Accuracy-Efficiency Trade-off: CoD’s 4–5% accuracy drop on GSM8k compared to CoT suggests verbosity may still aid certain multi-step arithmetic tasks. However, its superior performance on sports understanding (+2.4–4.1% over CoT) indicates task-dependent benefits.
Latency Reduction Mechanisms:
- Token Minimization: Reduces output sequence length, directly lowering generation time.
- Parallelizability: Unlike CoT’s sequential steps, CoD’s condensed drafts could enable partial parallel decoding, though this remains unexplored in the paper.
Compatibility: CoD remains applicable to black-box LLMs (e.g., GPT-4o, Claude) without requiring architectural changes, unlike Coconut (Hao et al., 2024), which uses latent-space reasoning but sacrifices interpretability.

Implications

Cost Reduction: At $0.03/1M input tokens and$0.06/1M output tokens (GPT-4 Turbo pricing), CoD reduces per-query costs by 80–90% for reasoning tasks.
Real-Time Applications: Latency reductions from 4.2s to 1.0s (GSM8k on GPT-4o) make CoD viable for interactive use cases like tutoring systems or real-time analytics.

Limitations

Interpretability: Condensed drafts may hinder human debugging of reasoning errors compared to CoT’s verbose traces.
Step-Length Heuristics: The 5-word limit lacks theoretical justification; optimal step lengths may vary by task complexity.

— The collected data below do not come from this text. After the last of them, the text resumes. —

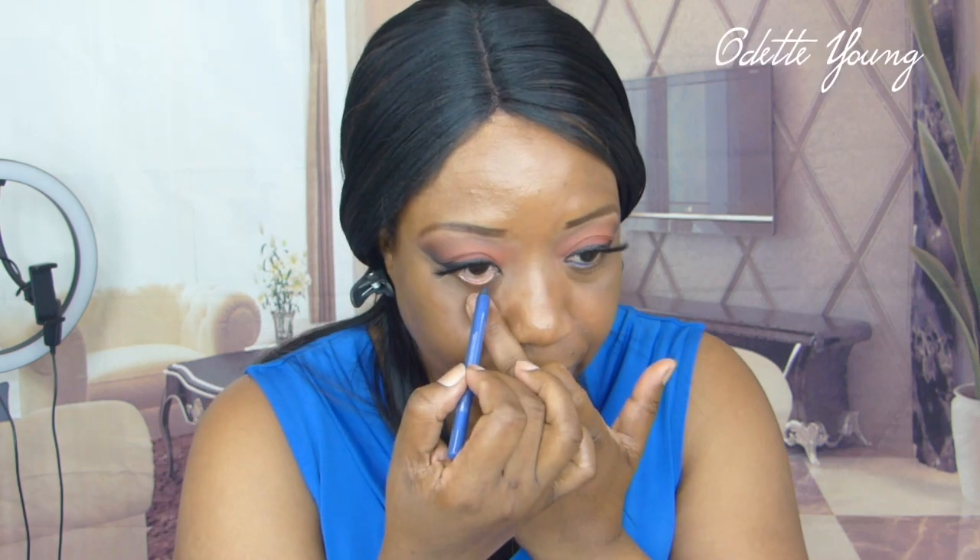Two things here. This is a blue eyeliner pencil from Marcell, and this is the NYX Jumbo Eye Pencil called Pure Gold. What I like to do is take the blue eyeliner first and just right in the inner corner here I'm going to apply — just like so. And this is the NYX Jumbo Eye Pencil in Pure Gold, which is gold, and I'm just going to put this on the outer corner of my eyes.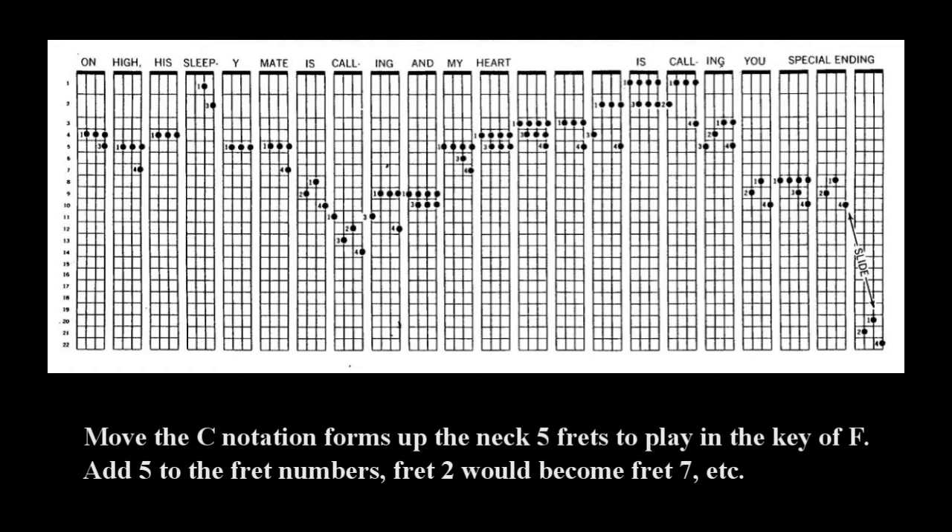That was done in F. The world's waiting for the sunrise. Maybe we should add just a little tempo to it so that you can try to accomplish the same thing with your banjo — a little tremolo.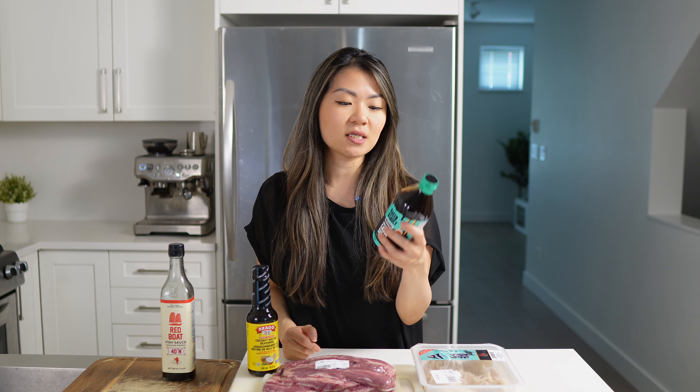Hey friends, welcome back to our kitchen. In today's video, I am making a Chinese-inspired braised beef brisket and tendon stew.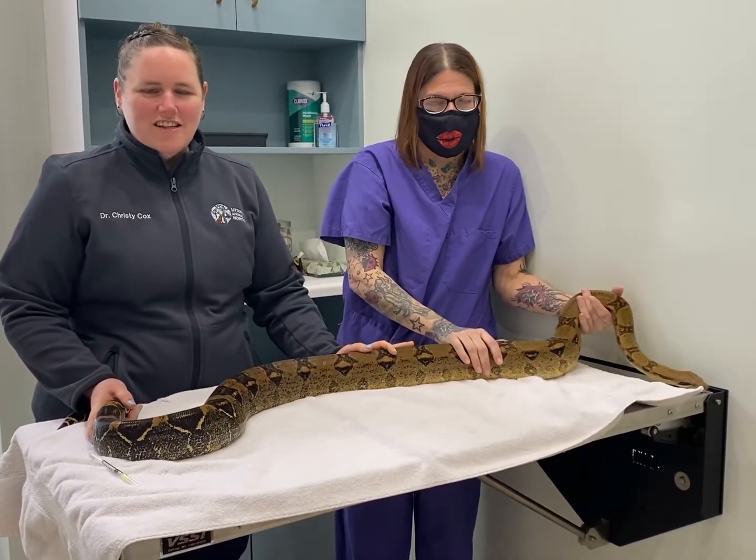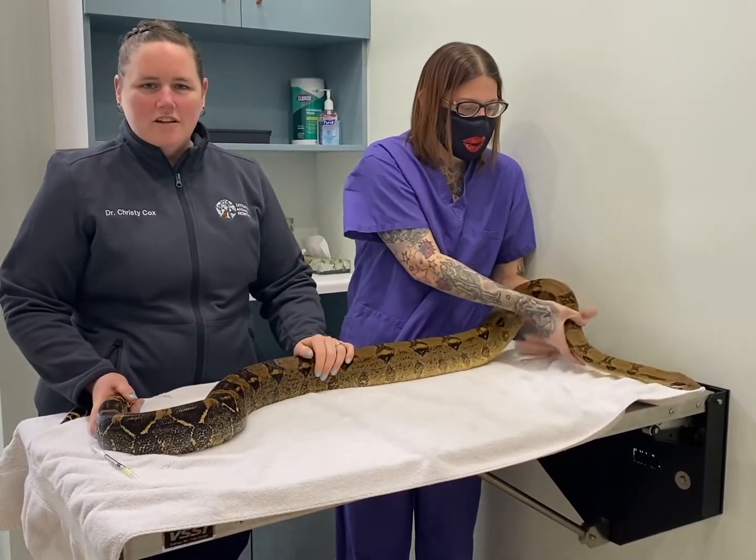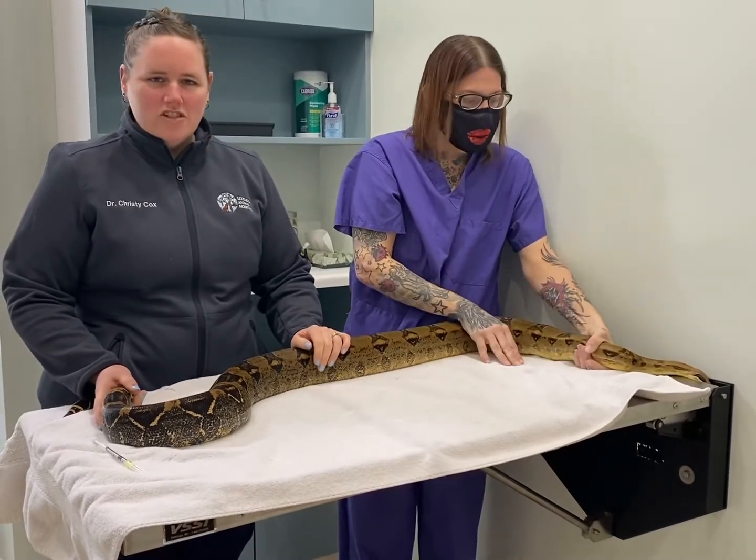Hi, I'm Dr. Christy Cox at Littleton Animal Hospital. Today we are going to learn how to give intramuscular injections into a snake.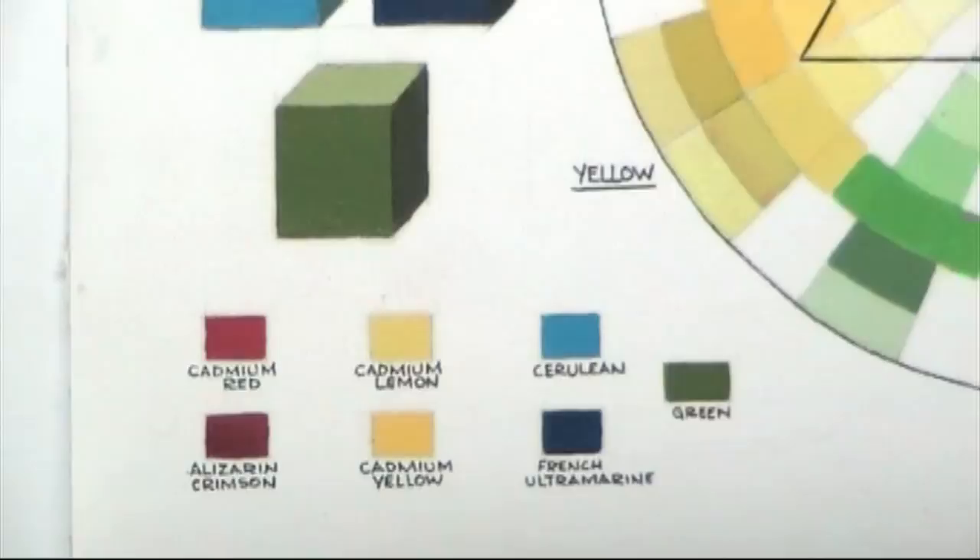Here we see the six-color system. At the bottom you'll see six cubes plus a seventh one, which is an offspring of the blue and the yellow and is part of the rainbow spectrum. The top left of the cube is cadmium red, lemon yellow, and cerulean. Bottom left: alizarin crimson, cadmium yellow, and French ultramarine. Above that is the block with your main color — the top is your highlight and the right-hand side is your shadow. We will go into the makeup of the highlight and shadow briefly a little later on.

The work establishes that effective LLM reasoning does not necessitate verbosity, providing a pathway to deploy cost-efficient models without sacrificing accuracy. Future directions include integrating CoD with speculative decoding (Zhang et al., 2023) and tree/graph-based reasoning (Chen et al., 2024, Yu et al., 2023) to further optimize multi-step inference.